On February 18, 1812, shortly after I was ordained as a missionary, my new wife Ann and I sailed away from our family and friends in America. Four of my friends became missionaries with us and, in fact, we became known as America’s first missionaries. While our friends went to India, Ann and I followed our hearts to Burma, where we hoped to tell the Burmese about Jesus.

After we arrived in Burma, Ann and I learned the new language.
It took me years to do it, but I translated the entire Bible into
Burmese. Although we told them about Jesus all the time, it took six
years before one person accepted Jesus as their Savior.

 

After a brief stay in India, he and his wife traveled to Burma, arriving in 1813. They were both 24 years of age when they left America. In Burma, no one knew the English language and the Judsons learned the Burmese language on their own.

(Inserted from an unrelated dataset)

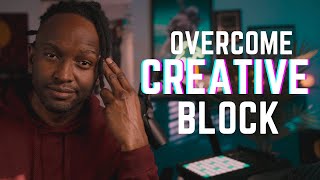 5 Ways to Overcome Beat Block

In those early years, they experienced the heartbreaking loss of two children. In 1822, Ann’s health broke and she returned to the States for rest, publishing a book on their pioneering missionary work in Burma. Upon her return, in 1824, Adoniram was imprisoned and tortured. Ann followed her husband from prison to prison and preserved his and several others’ lives by bribing officials and providing food.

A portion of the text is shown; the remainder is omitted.